- [Work task] Nothing should appear in the answer except the lines from the one with "Mercedes-Benz C trieda Kombi 220 d A/T" through the end of the listing below, transcribed exactly and without pictures.

[Start of Attachment]

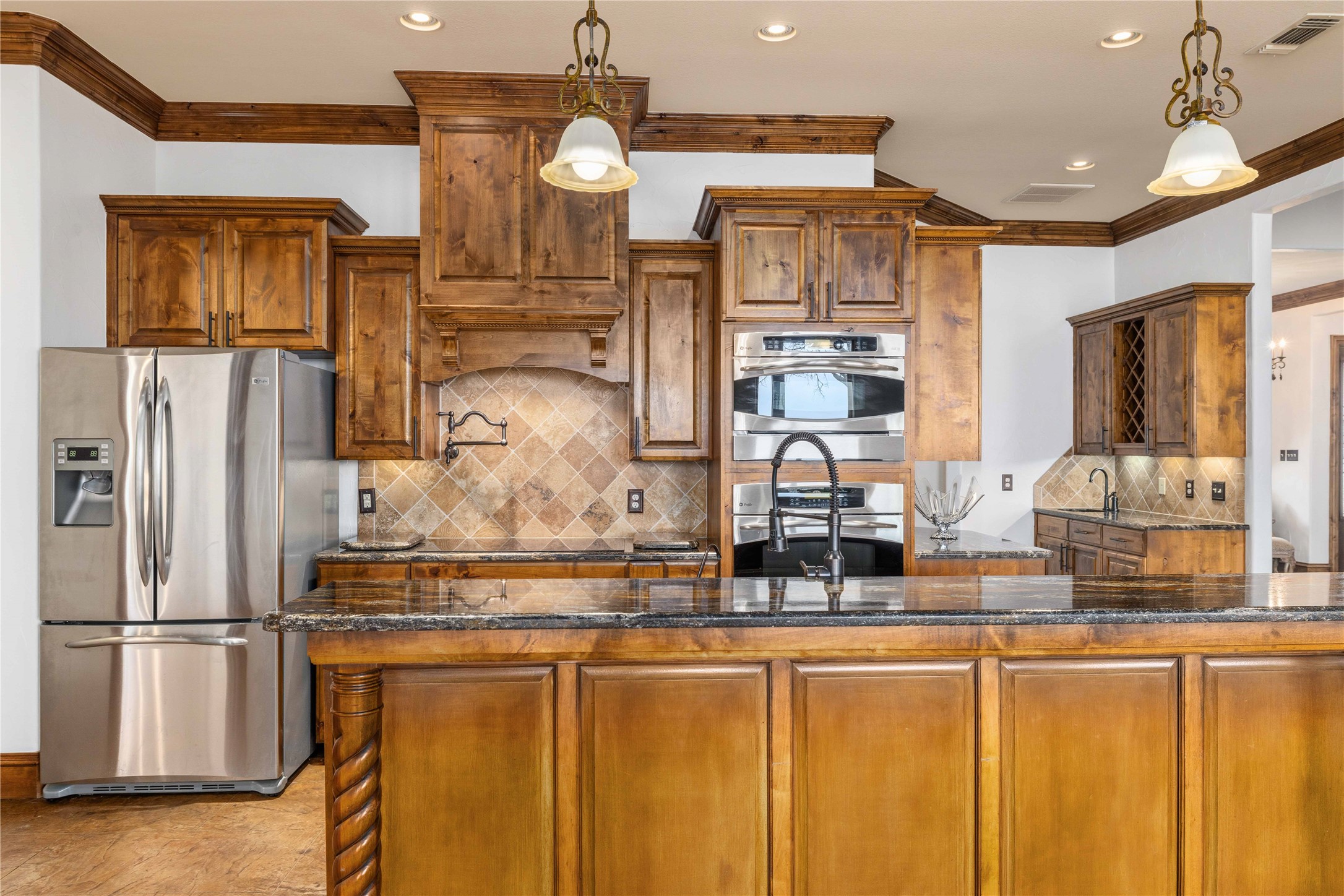594 Oak Point Drive May TX 76857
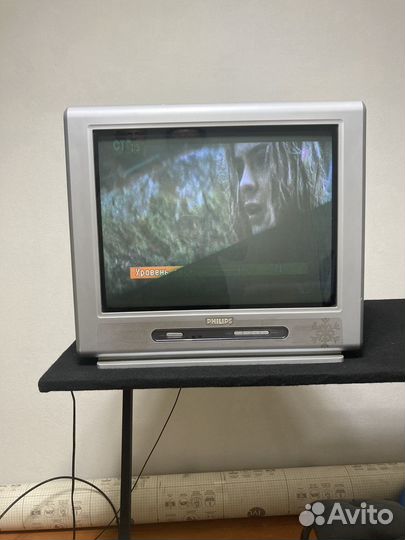 Телевизор бу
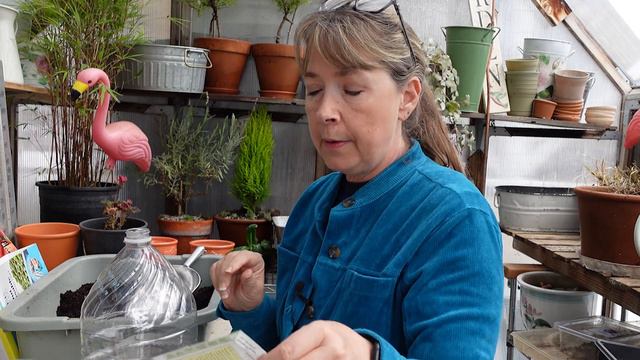 10 WINTER SOWING MISTAKES and How to Avoid them! смотреть онлайн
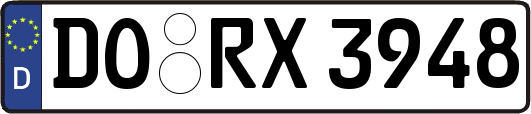 DO-RX3948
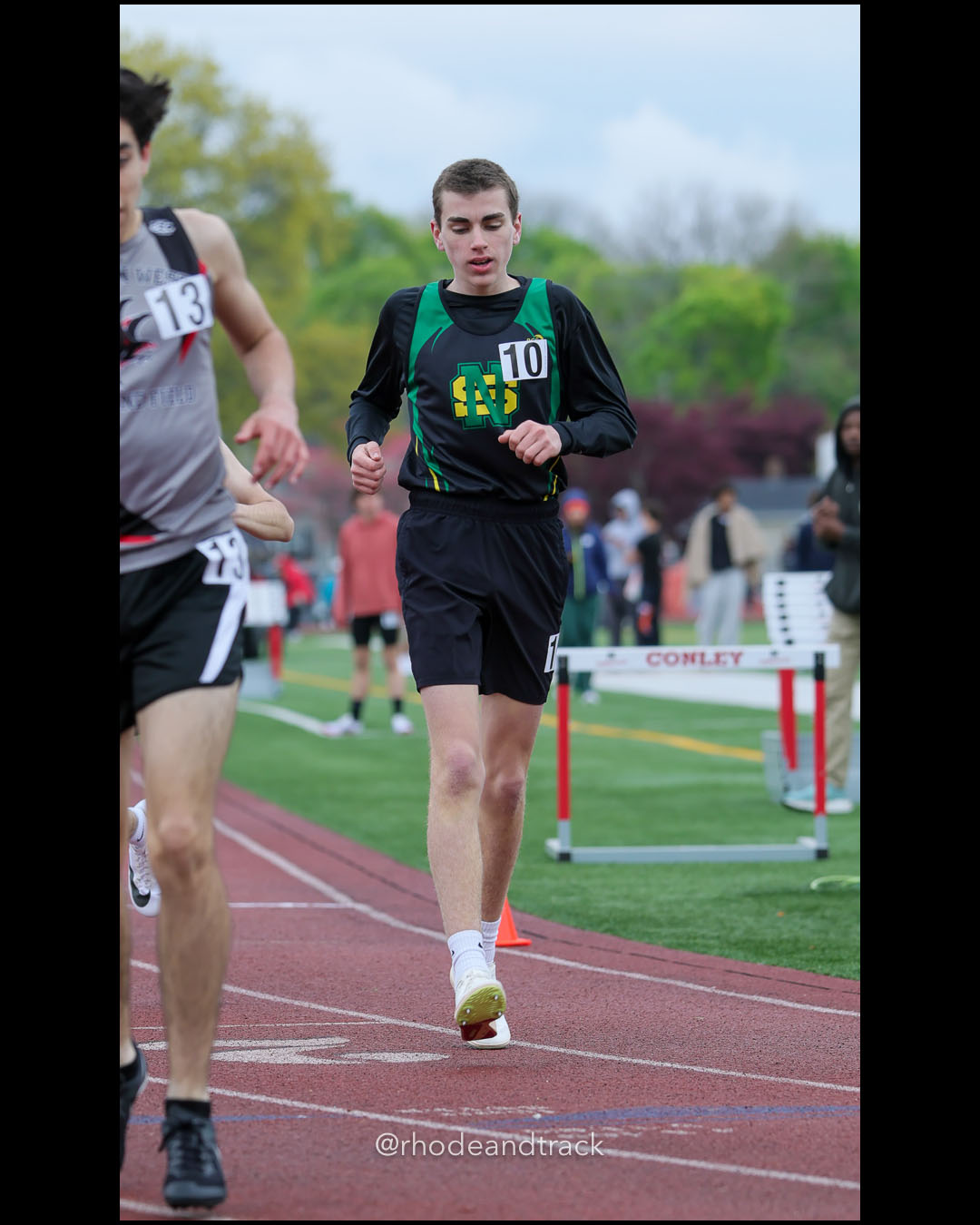 Classical Classic 2026 - Conley Stadium - Providence, Rhode Island - May 02, 2026 File: ./dir-800m/260502-2026-Classical-Classic-841-296A1886.jpg Classical Classic 2026 - Conley Stadium - Providence, Rhode Island - May 02, 2026 – 2026 Classical Classic – May 2, 2026 – 434 Mount Pleasa…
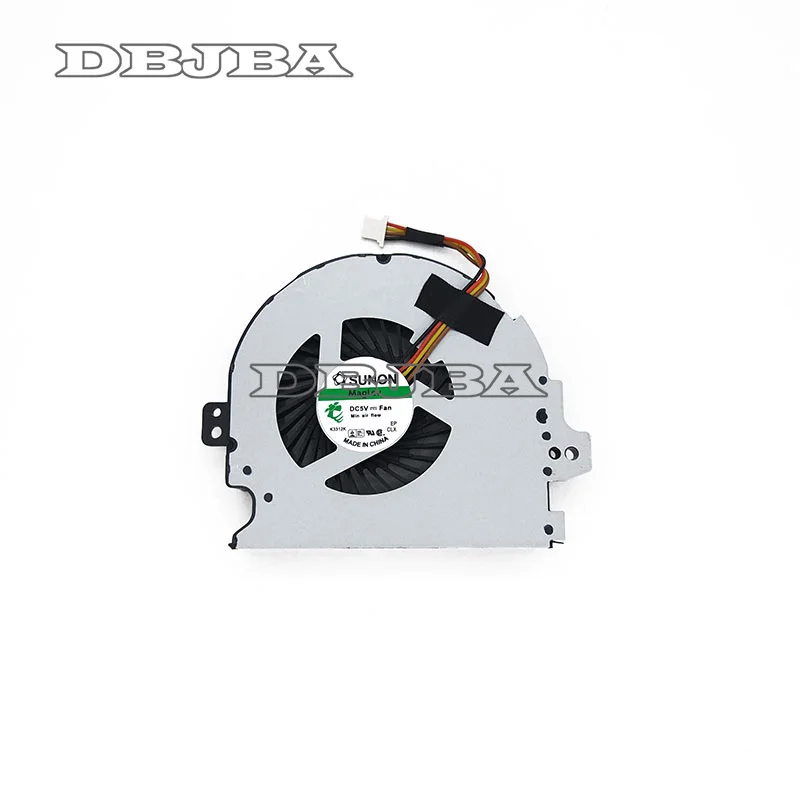 Вентилятор ЦП для HP Envy M6 1045Dx Series 686901 001 1000 M6T AB07505HX13KB00 0QCL50|cooling fan|laptop cooling fanlaptop fan |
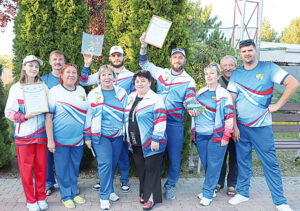 Мы – аксайчане. / ФОТО Валерии Епишиной Администратор  📷
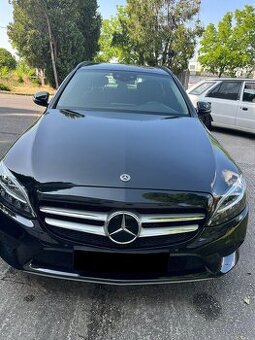 Mercedes-Benz C trieda Kombi 220 d A/T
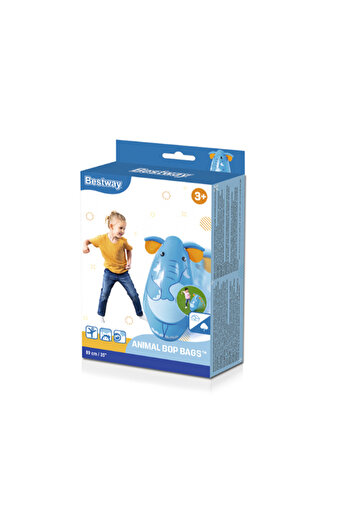 BESTWAY Bop Bags 91Cm -26-52152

[End of Attachment]

- [Result]
 Mercedes-Benz C trieda Kombi 220 d A/T
 BESTWAY Bop Bags 91Cm -26-52152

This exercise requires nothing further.